Jubileusz nie dla dzieci z niepełnosprawnością? Skandaliczna sytuacja w Łukowie
- Tylko jak dziecko jest leżące, z porażeniem czterokończynowym, które nic nie rozumie, nie słyszy, to wiadomo, że nie ma sensu, żeby takie dzieciątko było na uroczystości – tak Danuta Kowal, dyrektorka Specjalnego Ośrodka Szkolno-Wychowawczego oraz Ośrodka Rewalidacyjnego w Łukowie tłumaczyła Radiu Tok Fm to, dlaczego dzieci z niepełnosprawnościami nie mogą uczestniczyć w gali z okazji Jubileuszu szkoły. Udział w uroczystości zapowiedział m.in. Minister Edukacji i Nauki – Przemysław Czarnek.
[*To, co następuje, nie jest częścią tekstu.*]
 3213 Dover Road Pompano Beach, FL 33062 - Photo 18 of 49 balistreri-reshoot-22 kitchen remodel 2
Jak donosi radio Tok FM zatrudnieni w placówkach nauczyciele mieli przekazać rodzicom, że w związku z uroczystościami jubieluszowymi mają zabrać wcześniej niż zwykle (do godz. 12) uczniów z klas I-III, ale też wszystkie dzieci z Ośrodka Rewalidacyjnego.
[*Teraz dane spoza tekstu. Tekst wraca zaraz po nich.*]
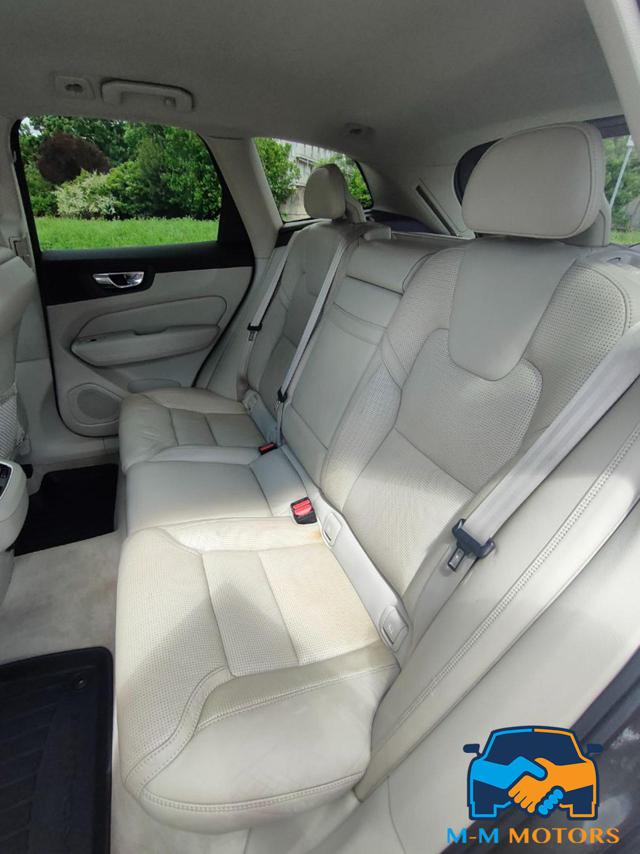 VOLVO XC60 usata, con Fendinebbia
„Dlaczego mamy wykluczać dzieci?”
- Dzieci w tym ośrodku to osoby m.in. z porażeniem mózgowym, niejednokrotnie leżące, ale też z innymi niepełnosprawnościami. Część z nich czasami pluje, ślini się, zdarza się krzyk, agresja. Ale jakie to ma znaczenie? To są wychowankowie naszej szkoły. Kochamy ich, wychowujemy, uczymy. Dlaczego z tego powodu, że przyjeżdża minister czy inna „świta” mamy je wykluczać? – mówił w rozmowie z radiem jeden z nauczycieli.
Parking tylko dla gości
Kolejne ograniczenie przyjęte przez szkołę dotyczy parkingu. Od godziny 12 ma on służyć jedynie gościom szkoły. Oznacza, to że rodzice dzieci o najpoważniejszych niepełnosprawnościach, które nie mogą samodzielnie opuścić budynku, muszą je do tego czasu zabrać ze szkoły.
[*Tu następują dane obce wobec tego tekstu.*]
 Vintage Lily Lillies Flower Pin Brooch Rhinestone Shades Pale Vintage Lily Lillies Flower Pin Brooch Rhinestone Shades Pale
„Nie ma sensu, żeby takie dzieciątko było”
Dyrektor Danuta Kowal tłumaczy przyjęte ograniczenia względami sanitarnymi.
- Ze względów pandemicznych musimy dokonać pewnej klasyfikacji - rodzic z dzieckiem ma prawo być na korytarzu. Tylko jak dziecko jest leżące, z porażeniem czterokończynowym, które nic nie rozumie, nie słyszy, to wiadomo, że nie ma sensu, żeby takie dzieciątko było – stwierdziła w rozmowie z radiem Tok FM.
Opisana przez tę stację sytuacja wywołała burzę w mediach społecznościowych.
Twitter zawrzał
„Nie mam więcej pytań... segregacja zamiast edukacji włączającej...” – skomentowała na Twitterze sprawę posłanka Lewicy Katarzyna Kotula.
„Co prawda jesteśmy przeciwko aborcji, ale lepiej, żeby dzieci z niepełnosprawnościami nie obnosiły się ze swoim istnieniem. Minister Czarnek mógłby tego nie wytrzymać” – skomentował z kolei Wojciech Sawicki znany szerzej jako DJ Carpigiani.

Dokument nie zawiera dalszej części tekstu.